You (the American citizen) lost that bonus bid. BOEM gave it away. The Judgment Fund paid it back to the French company on April 23, 2026. All because Trump was frightened by a miniature golf windmill when he was very young.
"Aannnd … it's gone."
You and I both wish I could have wrapped up this essay with that meme from South Park.
I focused on the TotalEnergies dealings here for simplicity. But you have to know that the Trump regime has repeated this game plan with several other energy companies. These include Bluepoint Wind with leases off New York and New Jersey, and Golden State Wind with leases off central California. Maxine Joselow and Brad Plumer have a good write-up in The New York Times.

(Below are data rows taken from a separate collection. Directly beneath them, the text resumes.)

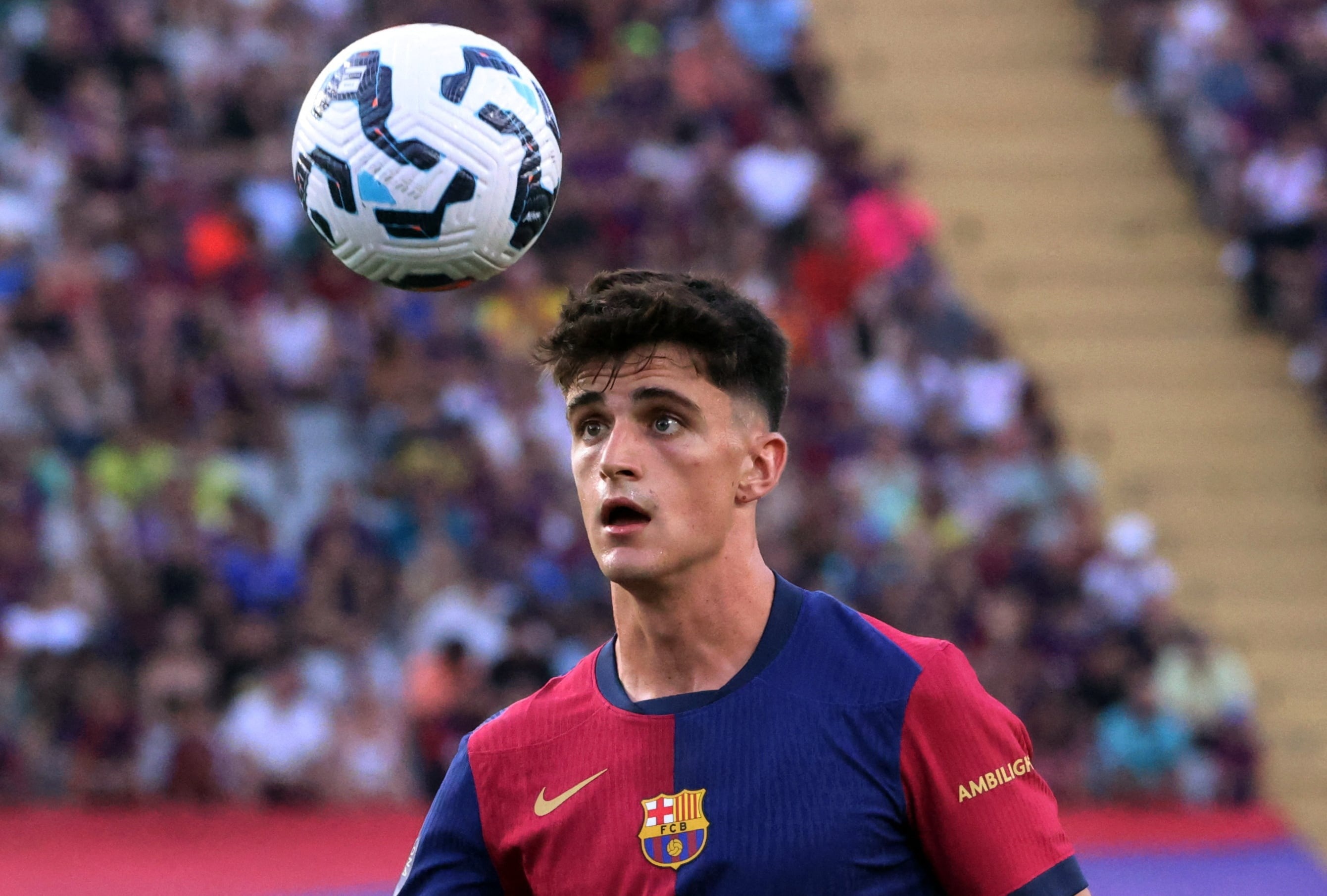 Barcelona rao ban 6 cau thu hinh anh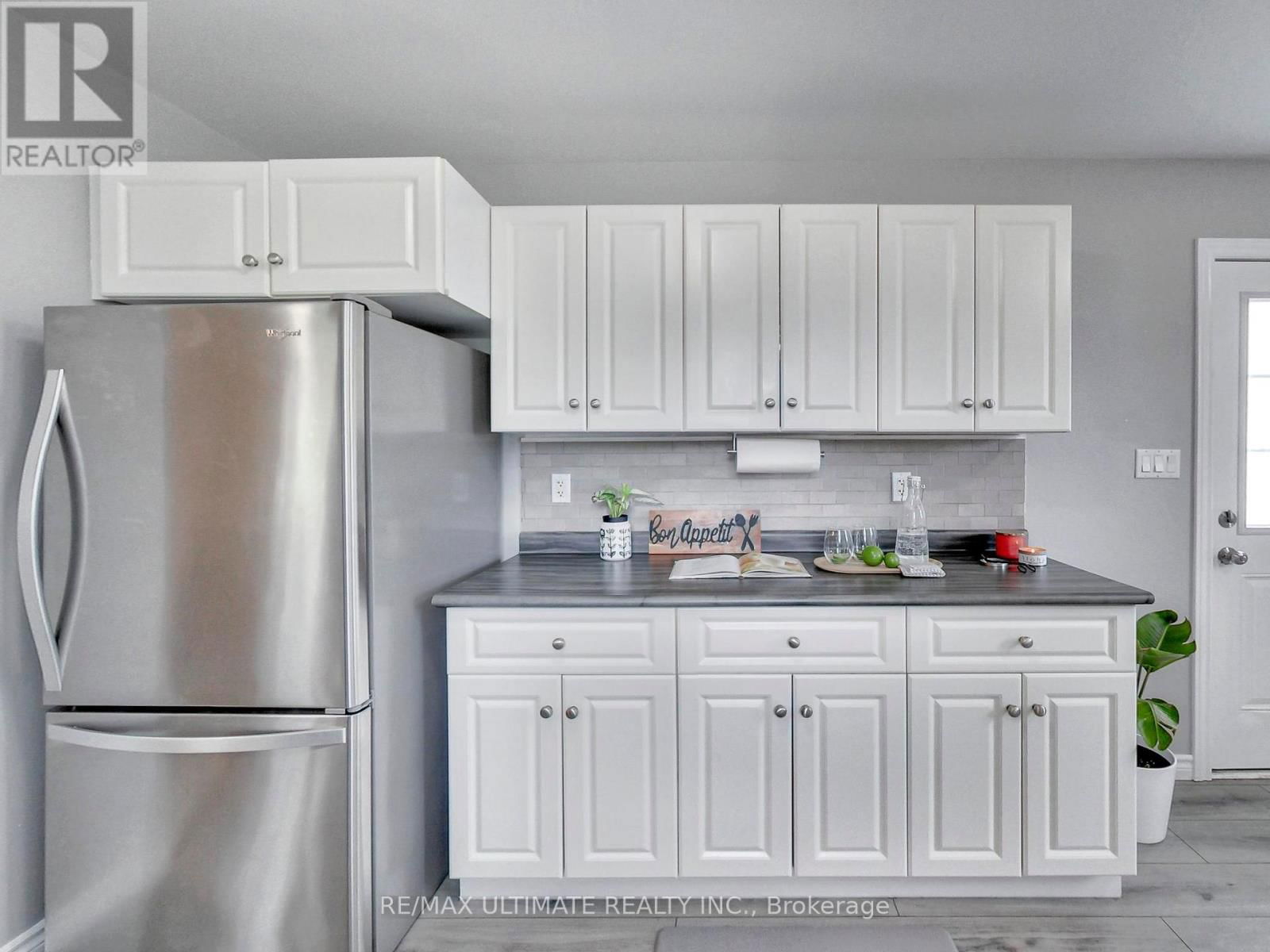 14 BURNHAM AVENUE Image 18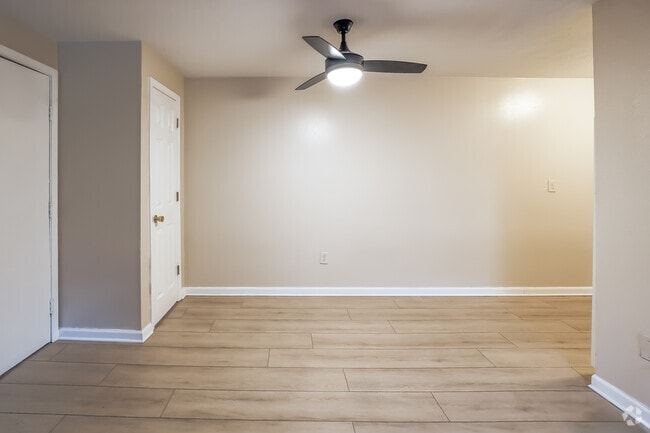 2BR, 1BA - 800SF- Dining Area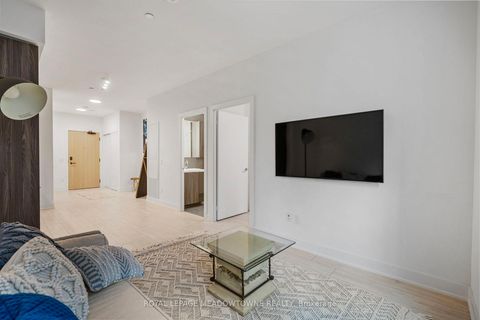 Photo 13 at 813 - 15 Mercer Street, Waterfront Communities C1, Toronto
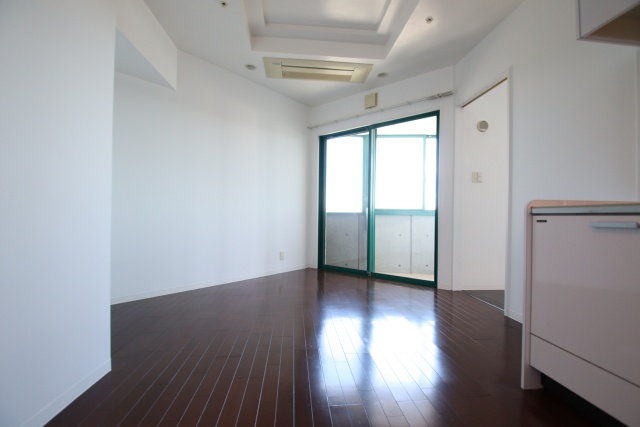 居室・リビング　※別室の参考写真の為、現況優先です。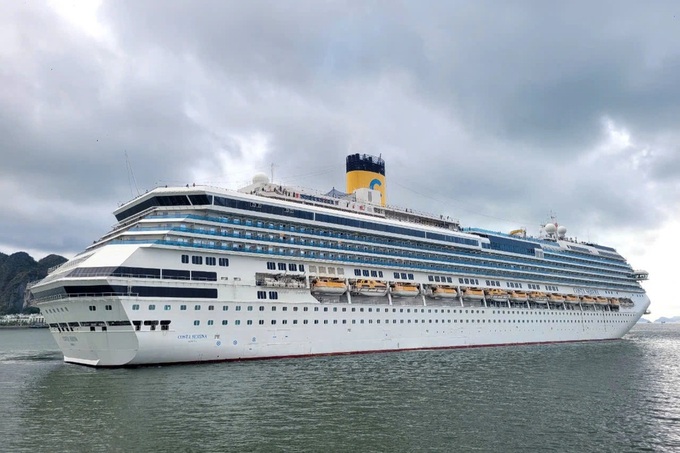 Five-star cruise ship brings thousands of foreign tourists to Ha Long - 1 Five-star cruise ship brings thousands of foreign tourists to Ha Long - 1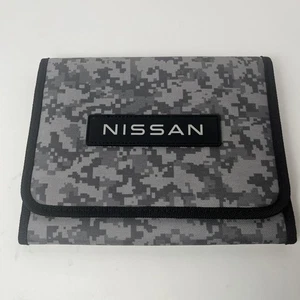 Funda Manual Propietarios Nissan NUEVA Camuflaje Aventura Cubierta Bolsa Soporte de Fábrica - Imagen 1 de 6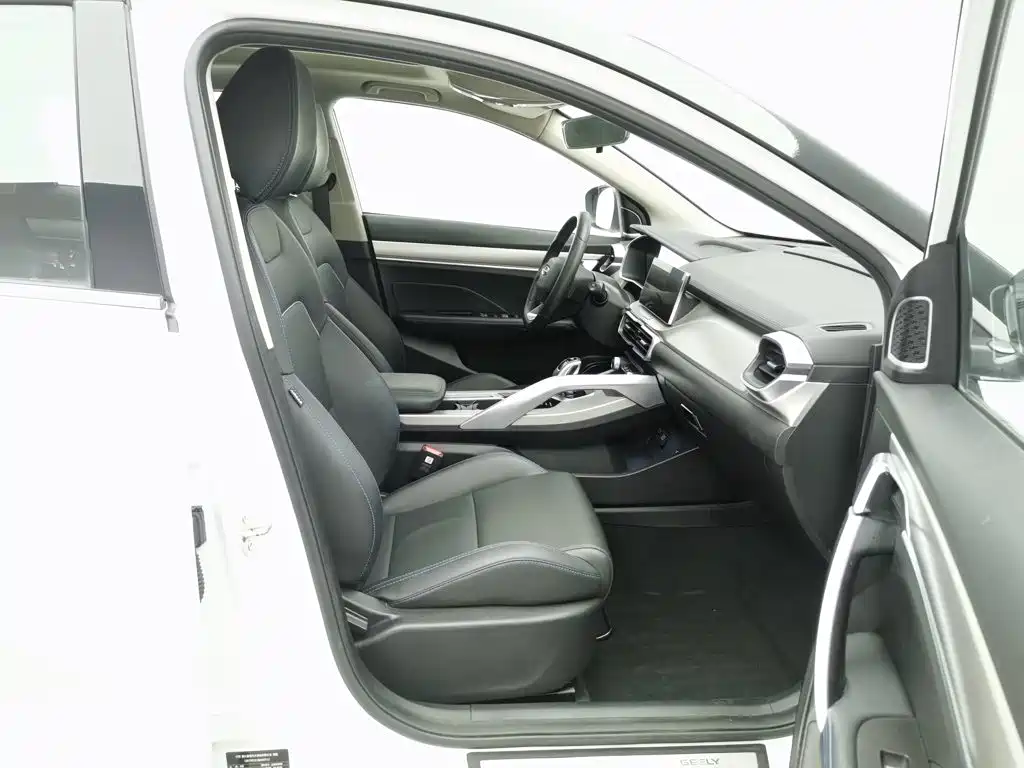 Geely Binyue NEV — миниатюра 23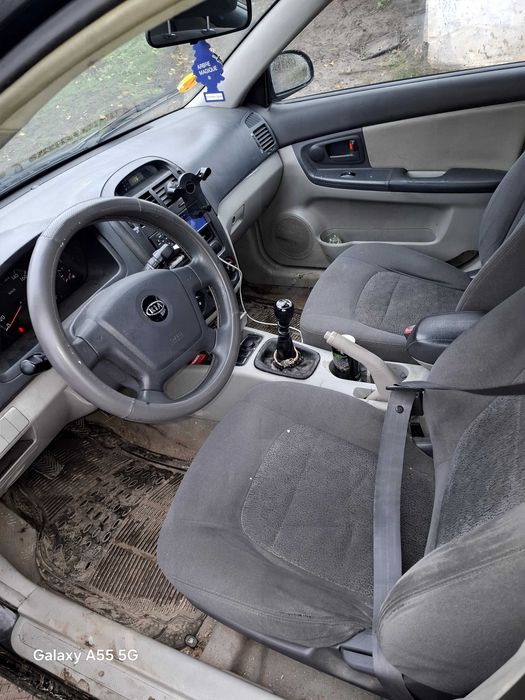 Vand sau schimb kia cerato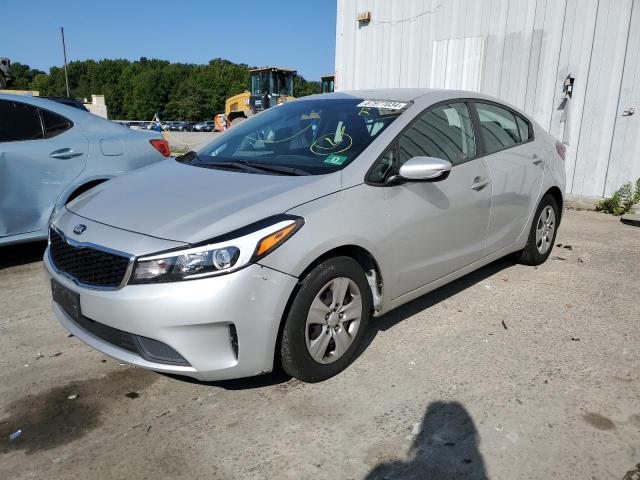 KIA FORTE LX 2018 3kpfk4a76je275422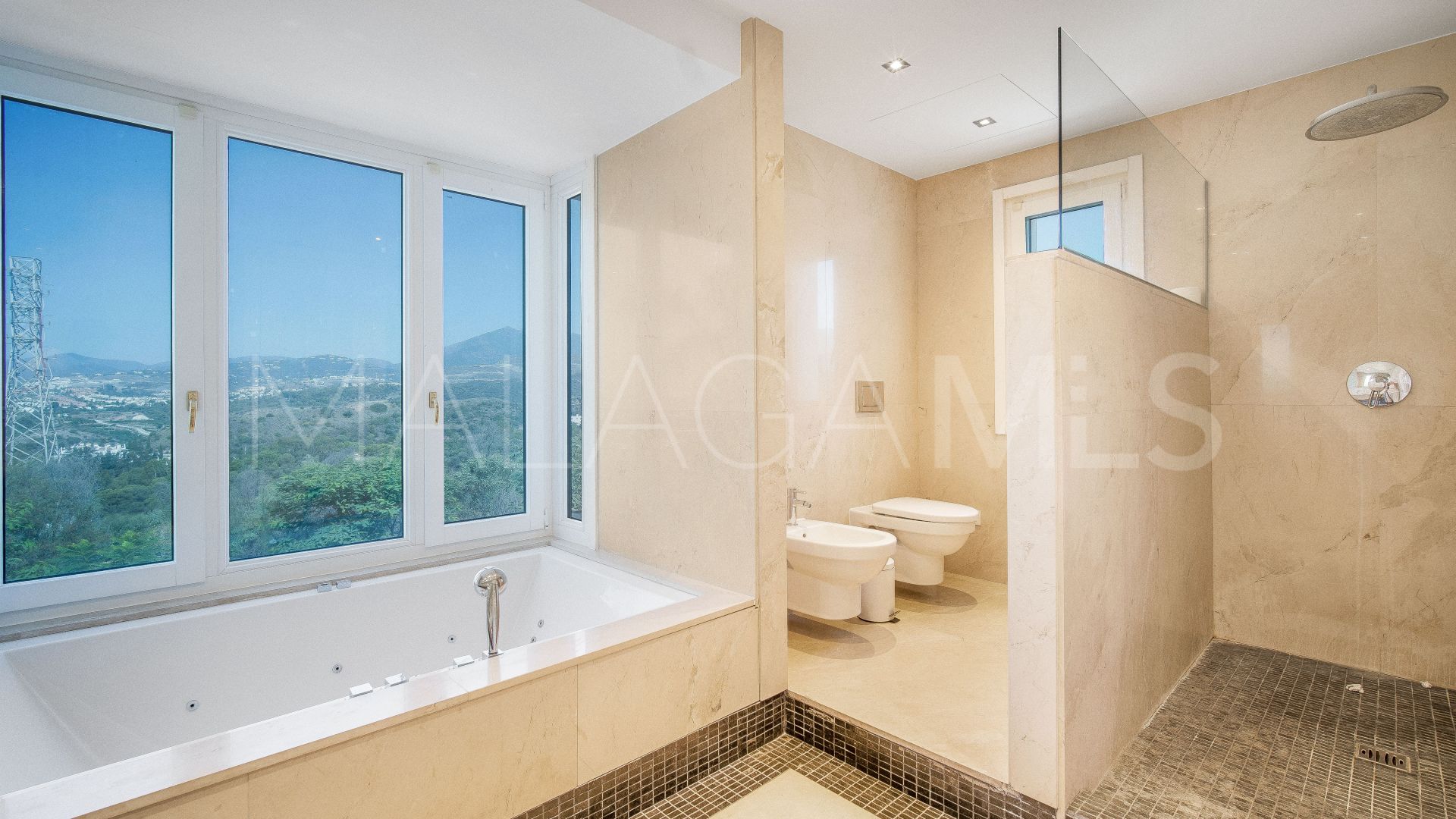 Villa for sale with 5 bedrooms in Lomas de Magna Marbella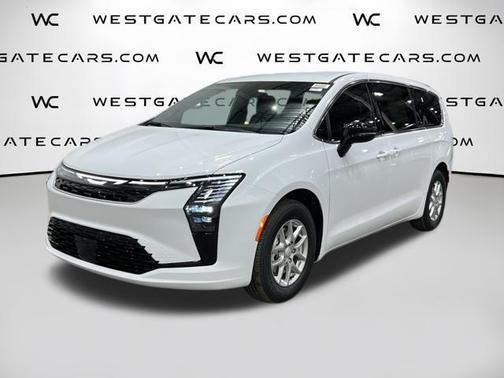 Bright White Clearcoat 2027 Chrysler Pacifica L
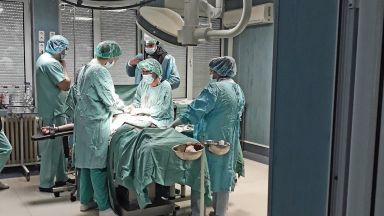 Лекари от столичната Университетска болница Света Анна спасиха матката на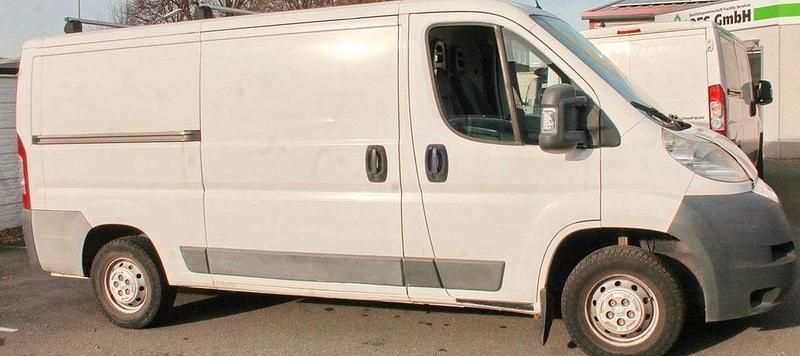 Gebraucht Peugeot Boxer 131 PS (96 kW) 2013 Weiß Van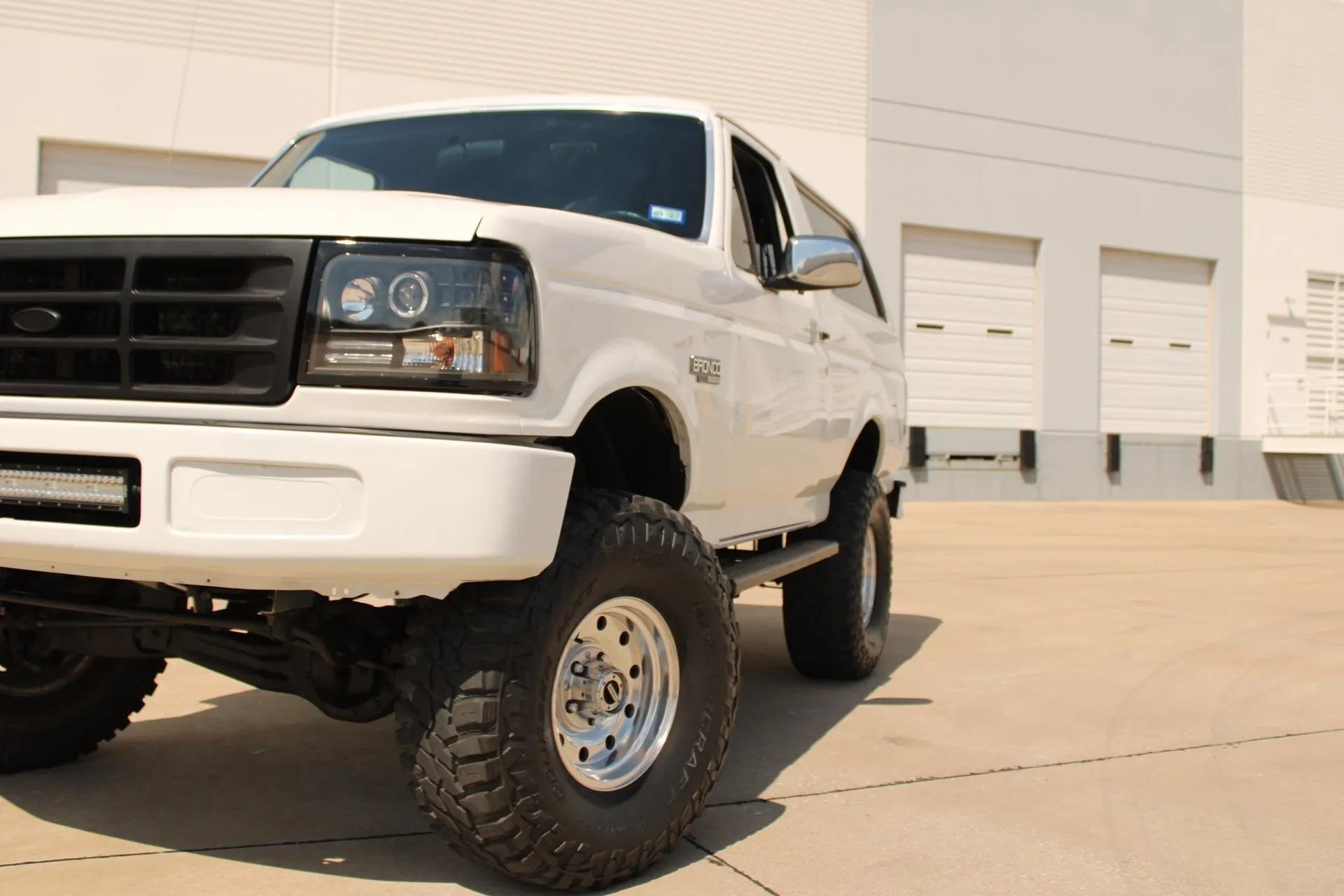 1993 Ford Bronco XLT 4x4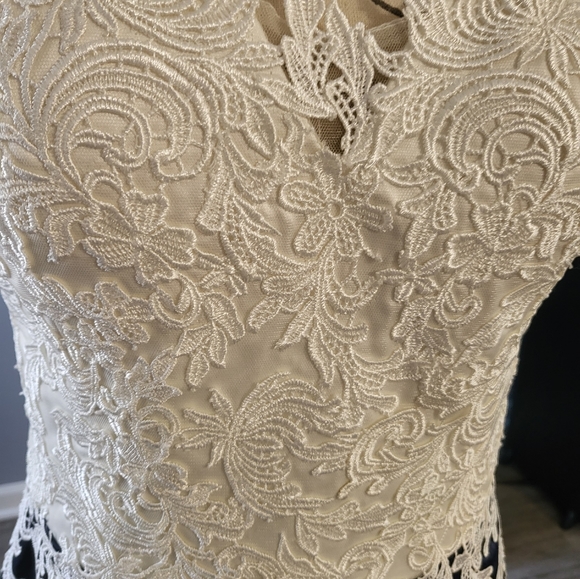 Prom-Formal Long Dress - Picture 4 of 15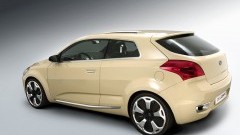 Sportieve hatchback van Kia is onderweg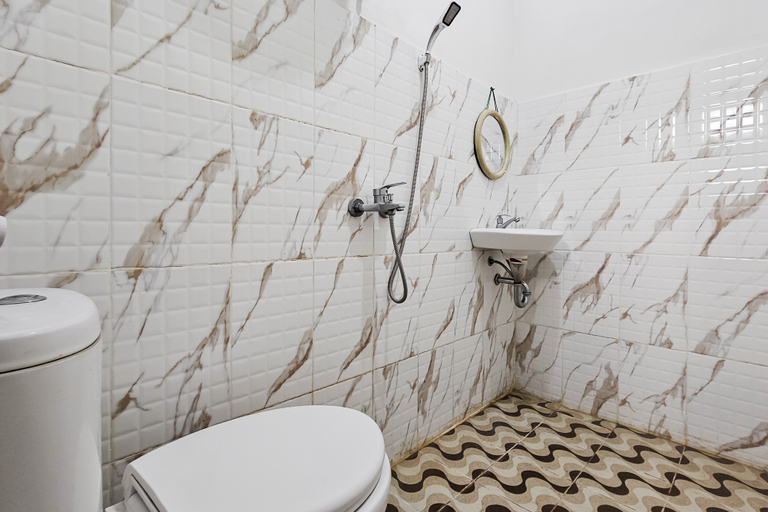 Bathroom 5, Cabin Kopi luwak RedPartner, Bandung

I don't have enough fingers and toes on which to tally the number of lawsuits being brought over these wind farm buyouts. If previous results are any indication, Trump may have a very, very, bad back nine.
Those of you thinking, "Judgment Fund? Hmm. Judgment Fund. Haven't I heard that somewhere else recently?" Bingo. Todd Blanche played exactly the same game with Trump's "Anti-Weaponization Fund."
First, Trump sued the IRS for $10 billion because his tax data leaked. Oh, the horrors! Then, Trump withdrew his case before the courts could rule on it. (It's bogus. Trump is both plaintive and defendant! "You - can't - doo - that!" The chant fills the arena.) Then, DOJ worked out a "settlement" to this non-existent litigation for $1.776 billion dollars to be distributed through the Judgment Fund. Busy folks over there at the Judgment Fund.
However, U.S. District Judge Leonie Brinkema in Alexandria, Virginia, was apparently in the arena and, on May 29, she said, "You can't do that!" and blocked implementation until she can hold a hearing scheduled for June 12. It may be moot, because ...
The breaking news today is that Blanche told House Appropriations subcommittee members that DOJ is "not moving forward" with the Anti-Weaponization Fund. Cross his heart and hope to die. The IRS, on the other hand, is standing firm on its commitment to drop all pending probes of Trump's dodgy tax status. "Nothing has changed with that," Blanche assured us.
Bottom line: It's Judgment Day for the Judgment Fund. Fix the feakin' Judgment Fund for crying out loud! Paul Figley, American University, has been banging this pan for decades now. At least put a cap on it; it's spewing corruption like a blown out oil rig. Even better, in my layman's opinion, get rid of the "administrative claims award" loophole. DOJ and BOEM shouldn't be able to make up fake settlements. Only legal court judgments should be payable through the Judgment Fund. It's in the name.
Happy Judgment Fund Day, for those who follow.